Yo vengo molida pues se me ocurrió caminar un largo trecho en aras de explorar la ciudad.
Mis días de viajera jipi pasaron hace mucho.
Los tenis son necesarios sólo cuando saco al perro, ahora ando siempre en botas o tacones. No es vanidad. Es simplemente un estado de ánimo.
Mi francés a la Salma Hayek hace que los canadienses sean benevolentes.
Por lo menos me entienden a la hora de pedirles un cuerno y un café.
Uno puede vivir en Quebec tomando café y pidiendo cuernos sin parar…
Escojo una mesa en el salón. En el comedor central, que es precioso. Voy a gastarme una lana. Lo sé y no me importa. Para eso vine. Me limitaría si viviera acá en uno de esos apartamentos donde el baño está pegado a la cocina. Pero no vivo aquí y jamás lo haría. Me gusta la buena vida, y los mexicanos en el extranjero la padecen. ¿Y todo para qué? Para decir que ya dejaron el peligro o que estudian acá o que trabajan acá. ¿A qué precio? Es demasiado alto. Yo no lo pagaría. Me quedo en México, pese a todo.
Canadá es para los canadienses.
Veo a los africanos ir y venir medio desorientados. Su piel no está hecha para este frío. Su ropa no va acorde. Han tenido que inventar nuevas fórmulas con la lana para no perder el estilo.
Acá lo negros son pálidos.
¿Han visto un negro pálido? Yo sí. Acá abundan.
Paso al comedor.
Me dan una bella mesa con cristalería que combina con la tapicería del lugar.
No ordeno vino, pero tampoco veo los precios de la carta porque en México no suelo hacerlo.
Sé que me va a salir en un ojo de la cara porque traigo afilado el diente y es mi penúltimo día y quiero disfrutar una opípara comida. No importa. Para eso trabajo. Para eso le chingo en México (aunque algunos crean que vivo de la beneficencia de mi novio).
Que la gente crea lo que crea; si al final yo estoy acá, y los que me critican… ¿en dónde?
Pero eso es lo de menos. Cualquier mexicano puede venir a Canadá si ahorra un poco. En mis años de jipi, todos los compas de la banda de tambores dieron el salto con muy poco dinero en la bolsa, y llegando acá se rifaron boteando en la calle. Algunos se quedaron a trabajar en la pizca de fresa y Mora azul.
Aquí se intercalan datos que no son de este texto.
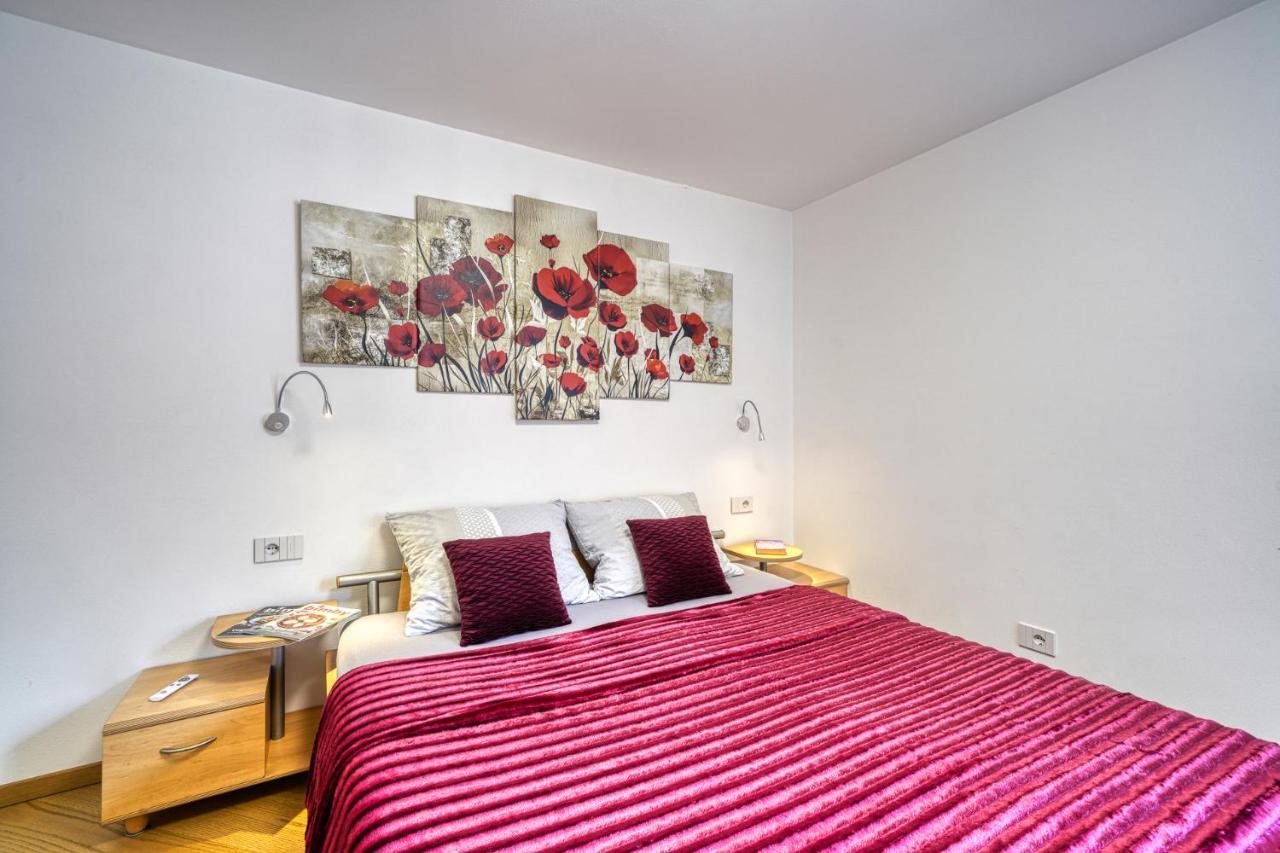 Ferienwohnung Im Zentrum Naturns Exteriör bild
Sin embargo, yo no vine con la banda. Vine sola para visitar a mi hija y a fotografiar las hojas naranjas de los maples en otoño. Y a comer tártaras de res y poutines, pero sobre todo vine a confirmar que viajar sola no es tan jodido como se piensa. El tiempo es tuyo. El sueño es tuyo, y el hambre también.
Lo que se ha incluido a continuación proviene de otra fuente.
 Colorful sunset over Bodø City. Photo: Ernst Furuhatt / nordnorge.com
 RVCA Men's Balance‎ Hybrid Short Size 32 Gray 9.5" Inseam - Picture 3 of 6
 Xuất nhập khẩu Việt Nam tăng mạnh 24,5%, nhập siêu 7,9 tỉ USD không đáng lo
Ya sentada q la mesa pido sopa de cebolla, tártara y un entrecot.
El mesero desaliñado viene a platicar conmigo de vez en cuando. Hace las preguntas típicas que se le hacen a los turistas.
De dónde vienes, a qué vienes, te gusta Canadá…
Y va de nuevo la misma historia. Digo que vengo de México y el rostro se les ilumina. Piensan en las playas, obvio. En los desmadres en Cancún
y en pirámides y en tequila y en sol. Sobre todo en sol.
Pero el garçon, que es un quebeco poco refinado, me toma por sorpresa al decirme: Mexique…. ouuuuu. Mmmmm. Mucho “Desperadou”.
Pensé que hablaba de la película de Robert Rodríguez en donde sale Antonio Banderas con Salma, y él es un pseudo mariachi o trae sus armas dentro del estuche de la guitarra.
¿Desperado?, le pregunto.
Oh, oui… Desperadou, mucha arma, violencia, bandido, droga, el Chapo.
Apuro mi vaso de agua con sed histórica.
Estamos jodidos por donde se vea.
Nos reconocen por el sol y la playa, sí, pero lo que les provoca mayor inquietud es la violencia que aún se vive.
México es un breviario de fiesta, sí, pero también de podredumbre.